## Work request
Below is a listing; print exactly its lines from the one containing "Beekeeping For Beginners: The" down to the one containing "Kimberly Rückert - Barefoot on the Bed", both inclusive, with every picture left out.

- - - -

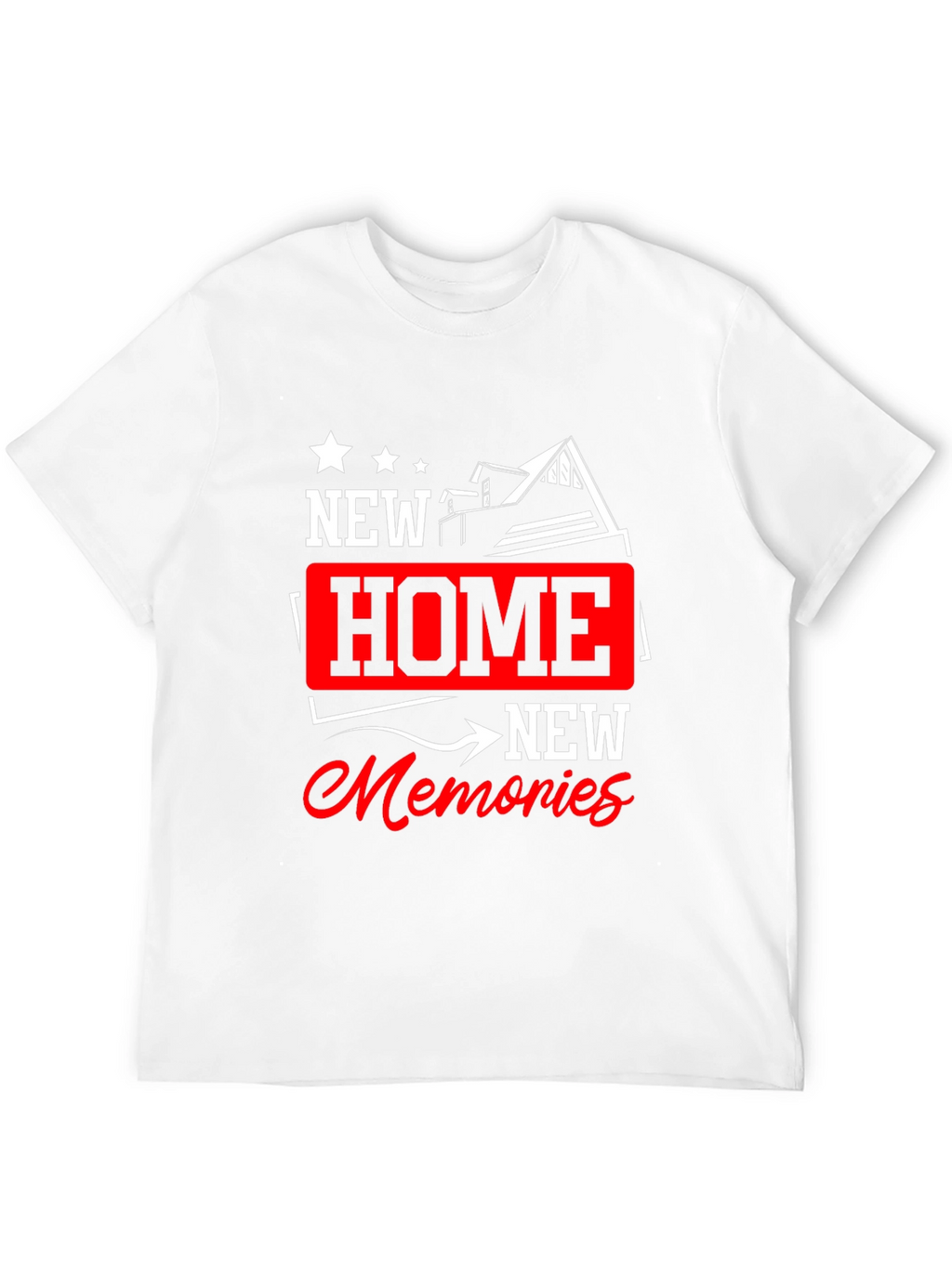 New Home New Memories Graphic T-Shirt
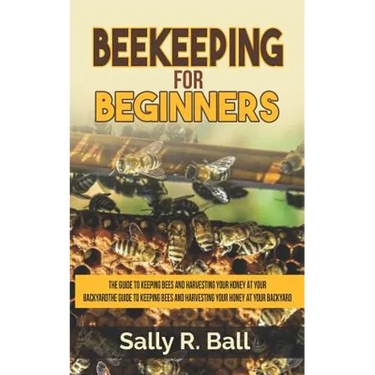 Beekeeping For Beginners: The Guide To Keeping Bees And Harvesting Your Honey At Your Backyard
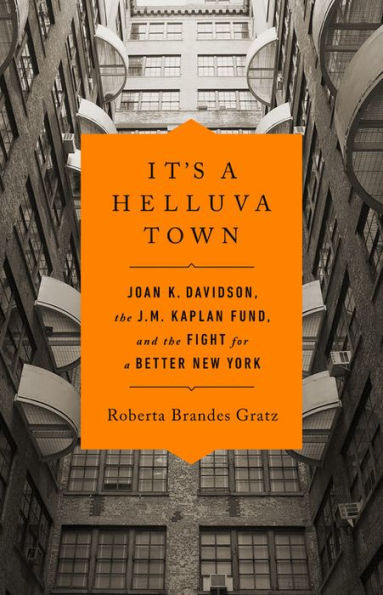 It's a Helluva Town: Joan K. Davidson, the J.M. Kaplan Fund, and Fight for Better New York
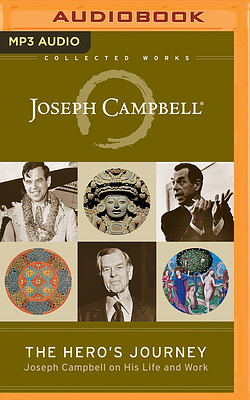 The Hero's Journey: Joseph Campbell on His Life and Work by Joseph Campbell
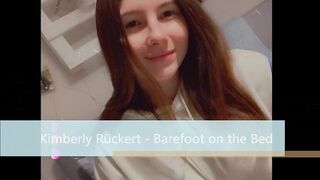 Kimberly Rückert - Barefoot on the Bed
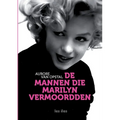 De mannen die Marilyn vermoordden
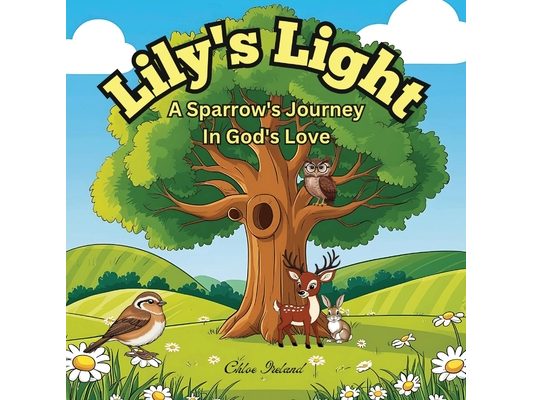 Lily's Light: A Sparrow's Journey in God's Love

- - - -

## Answer to this exercise
 Beekeeping For Beginners: The Guide To Keeping Bees And Harvesting Your Honey At Your Backyard
 It's a Helluva Town: Joan K. Davidson, the J.M. Kaplan Fund, and Fight for Better New York
 The Hero's Journey: Joseph Campbell on His Life and Work by Joseph Campbell
 Kimberly Rückert - Barefoot on the Bed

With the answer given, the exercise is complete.